Ynysybwl is another valley village without a vowel and one where the tarmac doesn’t quite run out but fractures, ruptures, then winds to a pub and a church with a breathtaking view. It was the end of term and time was running out to do anything with the kids at Trerobart Primary School and they were already mentally running down the road to the big school in Ponty. But they were a bright and lively bunch in a vibrant school in a real community clinging on to a sense of itself. The pit had been grassed over and reduced to single dram as a memorial and there was hardly a single job left in the village. But still embedded in the fabric were the remains of a thousand strong work force waiting to tell their story. Round them up, bring them together with the school kids and make a film. Simple.

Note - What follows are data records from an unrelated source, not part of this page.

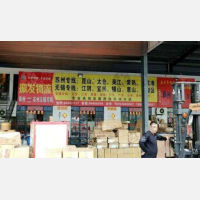 泰州到江苏无锡江阴专线,泰州到江苏无锡江阴直达线路,泰州到江苏无锡江阴中转线路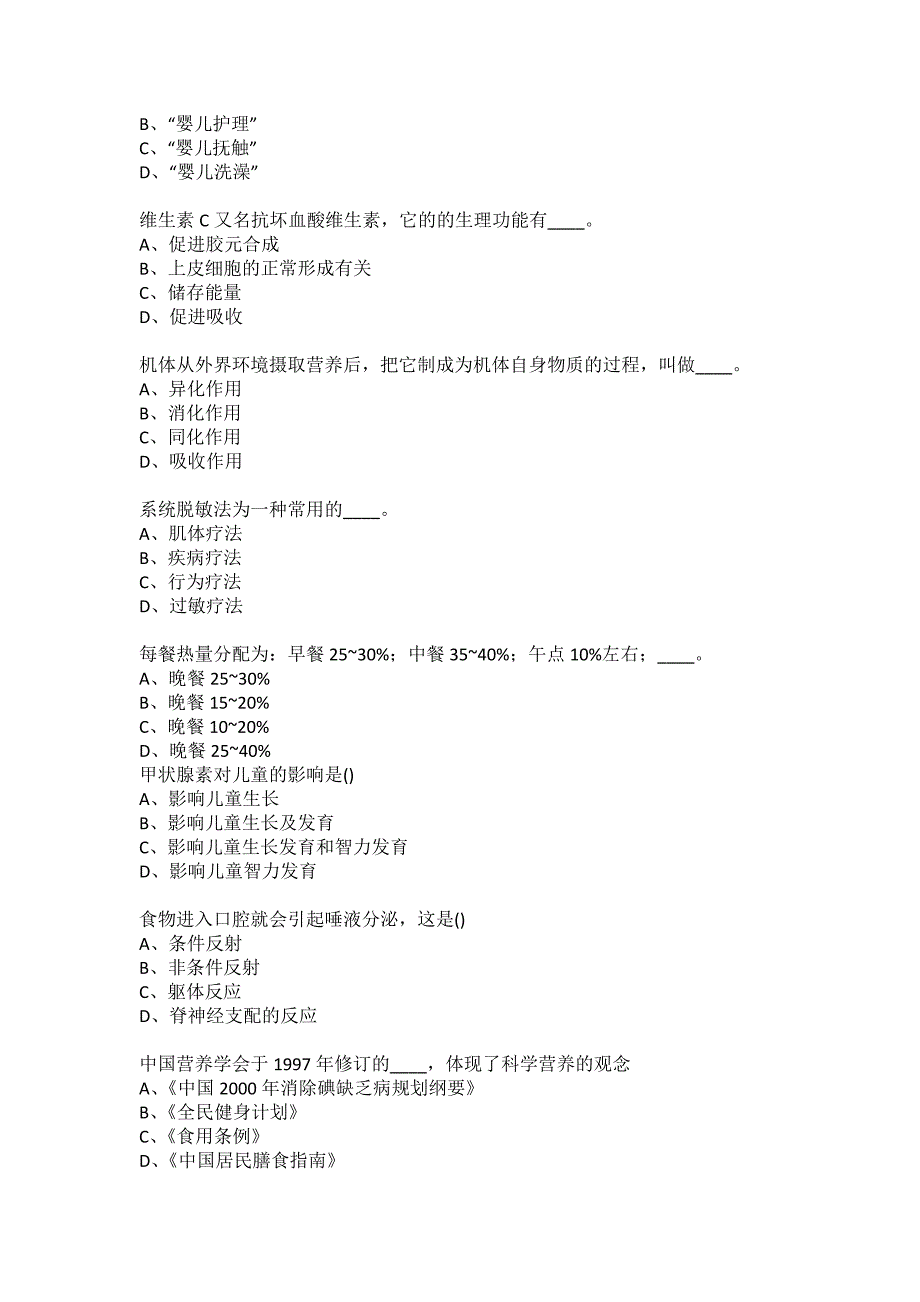 福师大《学前卫生学》20秋在线作业二-0006答卷_第3页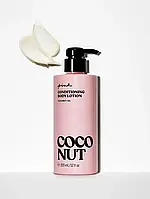 Лосьйон для тіла Victoria's Secret PINK Coconut 355мл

Like An Egg, a young film company based in Pontypridd, are so rooted in the community that in the recent Manic Street Preachers music video that they shot, they used a workingmens’ club in Porth and persuaded two hundred friends and family to squeeze into a hot, sweaty room for twelve hours just for the fun of it. They joined me in Ynysybwl. An act of blind faith. I pointed Rob and his camera at schoolkids, mountains, ex miners and deserted streets and told him I knew what I was doing. He smiled, sweated, and shot. We very quickly learnt two things. Never film kids in a heatwave and never point a camera at an overworked teacher.
After three weeks cutting, without scissors or tape, (film-making has changed) we emerge with a film fit for purpose and, we hope, entertainment. We are to show it at the Con Club as part of the festivities, shoehorned into an evening of music and storytelling. I have never been so nervous. I have never made a film but even more frightening I’m an outsider telling a story about The Bwl to the people of the Bwl. In the film making I have been surrounded by experts but as regards the story, I’m walking the plank alone.
In a packed hall they watch the film in silence. Everyone. Even the bar staff have left their positions for a better view of a Ponty boy falling into a sea of sharks. The film ends and the silence is broken by what sounds like a stifled sob. Then applause. The lights come up to reveal several women and a lot more men wiping away tears. We’ve managed to pull it off.
Ynysybwl is a special place. There’s lots of them in Wales. They’ve been messed about for decades. Well, you don’t mess with people from the Bwl. We hope we didn’t.